The plaintiffs – Traveka Stanley, Reginald Burrell, Charlie Gray, Melvin Pringle, and Ranquel Smith – have all been punished or threatened with punishment for not working within Alabama prisons or for public and private employers that contract with the Alabama Department of Corrections (ADOC) for incarcerated people’s labor. With their lawsuit, the first of its kind, the plaintiffs seek enforcement of a state constitutional provision banning slavery and involuntary servitude with no exceptions, including for those sentenced to prison, which voters approved in 2022 following a statewide strike by incarcerated workers.
In August, the trial court dismissed the case with a two-sentence order, claiming that state sovereign immunity shielded the defendants – Governor Kay Ivey and ADOC Commissioner John Hamm – from the suit and that the plaintiffs lacked standing to bring their constitutional claims. In a brief filed today on their behalf by the Center for Constitutional Rights, the plaintiffs contest both bases for dismissal.
“The trial court got it wrong – the law is clearly on our clients’ side, and their case should be allowed to go forward,” said Jessica Vosburgh, Senior Staff Attorney at the Center for Constitutional Rights. “The Alabama courts must rise to their obligation to enforce the state constitution’s command ‘That no form of slavery shall exist in this state; and there shall not be any involuntary servitude.’ No exceptions.”
A notorious prison system, Alabama’s is the most overcrowded in the country, operating at over 168 percent capacity, and, while Black people make up 26 percent of the state population, they account for 53 percent of the prison population. A sixth plaintiff, Dexter Avery, who was part of the original group that filed the lawsuit, died in ADOC custody on August 19, 2024. His was one of over 150 deaths in ADOC custody during the 2024 state fiscal year.
Incarcerated people are routinely punished for declining to work within Alabama prisons or for the many public and private employers that contract with ADOC; such punishment can include loss of earned good time credit, solitary confinement, transfer to a higher-security and more violent prison, and loss of contact with loved ones.
“When state officials opt for what’s fastest and easiest, ignoring the law they are required to follow, Alabamians must be able to hold them accountable. I look forward to getting to the heart of this lawsuit so that the truth about working conditions in ADOC can be brought to light,” said plaintiff Traveka Stanley.
“The most influential decisionmakers in the State of Alabama government remain loyal to slavery ideologies from the Confederacy, resulting in the government turning against the intent of its citizens who by majority vote enacted by the legislature prohibited slavery also for people convicted of crimes in the state’s prison system,” said plaintiff Reginald Burrell in the Center for Constitutional Rights’ September 2024 UN Submission of Evidence Pertaining to Practices of Slavery, Involuntary Servitude, and Other Forms of Forced Labor of Incarcerated Persons in the Southern Region of the United States [LINK HERE], co-authored with the Promise of Justice Initiative. “That's a lost cause.”

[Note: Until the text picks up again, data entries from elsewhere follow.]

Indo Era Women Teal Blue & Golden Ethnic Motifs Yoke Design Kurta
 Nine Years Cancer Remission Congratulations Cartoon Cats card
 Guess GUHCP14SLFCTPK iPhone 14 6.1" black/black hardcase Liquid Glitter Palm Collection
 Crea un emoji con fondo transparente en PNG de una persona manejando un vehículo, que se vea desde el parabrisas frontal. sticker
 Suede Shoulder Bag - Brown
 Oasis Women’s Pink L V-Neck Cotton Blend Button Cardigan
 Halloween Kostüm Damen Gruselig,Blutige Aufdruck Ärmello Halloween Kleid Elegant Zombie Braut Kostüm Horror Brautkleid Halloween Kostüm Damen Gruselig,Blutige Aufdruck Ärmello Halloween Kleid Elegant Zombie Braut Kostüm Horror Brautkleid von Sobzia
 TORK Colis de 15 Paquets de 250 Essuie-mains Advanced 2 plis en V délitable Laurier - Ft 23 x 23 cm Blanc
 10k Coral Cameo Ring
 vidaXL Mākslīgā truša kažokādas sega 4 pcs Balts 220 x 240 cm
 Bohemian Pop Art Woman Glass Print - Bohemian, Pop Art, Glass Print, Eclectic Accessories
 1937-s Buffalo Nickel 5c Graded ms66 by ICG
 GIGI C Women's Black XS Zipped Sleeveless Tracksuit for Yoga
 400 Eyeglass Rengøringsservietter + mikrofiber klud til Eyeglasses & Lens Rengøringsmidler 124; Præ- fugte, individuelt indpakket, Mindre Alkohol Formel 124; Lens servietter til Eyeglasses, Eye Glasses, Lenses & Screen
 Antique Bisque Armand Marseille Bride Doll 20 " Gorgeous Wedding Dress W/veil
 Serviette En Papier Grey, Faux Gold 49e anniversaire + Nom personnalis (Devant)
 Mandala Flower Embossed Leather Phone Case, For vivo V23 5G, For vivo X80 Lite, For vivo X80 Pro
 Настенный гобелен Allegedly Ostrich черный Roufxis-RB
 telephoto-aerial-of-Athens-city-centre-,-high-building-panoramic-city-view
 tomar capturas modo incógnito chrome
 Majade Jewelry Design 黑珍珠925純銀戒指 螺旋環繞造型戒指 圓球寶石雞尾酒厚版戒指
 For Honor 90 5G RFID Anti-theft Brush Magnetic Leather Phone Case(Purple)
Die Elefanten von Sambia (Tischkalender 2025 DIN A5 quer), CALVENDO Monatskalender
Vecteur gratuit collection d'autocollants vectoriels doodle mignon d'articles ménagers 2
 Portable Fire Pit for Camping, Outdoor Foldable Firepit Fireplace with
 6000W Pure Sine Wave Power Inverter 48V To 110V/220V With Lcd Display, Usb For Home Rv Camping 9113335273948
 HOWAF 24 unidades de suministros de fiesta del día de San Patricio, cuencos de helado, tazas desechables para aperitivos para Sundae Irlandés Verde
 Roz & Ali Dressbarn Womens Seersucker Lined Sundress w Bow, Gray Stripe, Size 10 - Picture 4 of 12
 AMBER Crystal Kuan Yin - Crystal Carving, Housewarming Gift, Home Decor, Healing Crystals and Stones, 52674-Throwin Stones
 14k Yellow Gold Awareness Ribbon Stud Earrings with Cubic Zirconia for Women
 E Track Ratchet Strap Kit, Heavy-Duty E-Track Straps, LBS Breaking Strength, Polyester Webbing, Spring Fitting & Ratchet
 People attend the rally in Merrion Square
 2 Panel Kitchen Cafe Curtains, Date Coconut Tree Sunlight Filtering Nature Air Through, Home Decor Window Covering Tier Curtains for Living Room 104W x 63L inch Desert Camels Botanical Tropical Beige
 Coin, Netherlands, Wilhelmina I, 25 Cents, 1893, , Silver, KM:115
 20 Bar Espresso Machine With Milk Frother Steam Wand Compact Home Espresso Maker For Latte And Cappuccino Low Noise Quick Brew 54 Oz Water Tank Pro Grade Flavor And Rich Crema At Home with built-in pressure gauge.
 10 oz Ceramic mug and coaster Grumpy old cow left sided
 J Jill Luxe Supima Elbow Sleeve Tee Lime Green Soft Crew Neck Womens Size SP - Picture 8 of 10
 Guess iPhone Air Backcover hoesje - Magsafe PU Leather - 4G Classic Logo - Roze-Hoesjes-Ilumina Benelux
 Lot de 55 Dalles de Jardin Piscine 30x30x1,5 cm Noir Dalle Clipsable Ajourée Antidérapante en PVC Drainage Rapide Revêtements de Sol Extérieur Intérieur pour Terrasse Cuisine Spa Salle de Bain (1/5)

In 2022, Alabama voters overwhelmingly ratified a new version of their state constitution that no longer includes a loophole that permitted slavery and involuntary servitude as punishment for a crime. The so-called punishment loophole, which still exists in the Thirteenth Amendment of the U.S. Constitution, as well as in many state constitutions, has prompted various campaigns in recent years to reform state constitutions and the U.S. Constitution to remove the loophole. On November 5th, California voters rejected a ballot measure that would have amended the state constitution to prohibit forced prison labor, while Nevada became the sixth state since 2018 where voters approved such a measure. The situation in Alabama shows that the work to abolish prison slavery does not end with a change to the constitution; as this lawsuit shows, state officers must change ADOC’s everyday systemic policies and practices to enforce the constitutional change.
If successful, this appeal will allow the challenge to forced labor in Alabama prisons to proceed before the trial court.
For more information, please visit the Center for Constitutional Rights’ case page.
The Center for Constitutional Rights works with communities under threat to fight for justice and liberation through litigation, advocacy, and strategic communications. Since 1966, the Center for Constitutional Rights has taken on oppressive systems of power, including structural racism, gender oppression, economic inequity, and governmental overreach. Learn more at ccrjustice.org.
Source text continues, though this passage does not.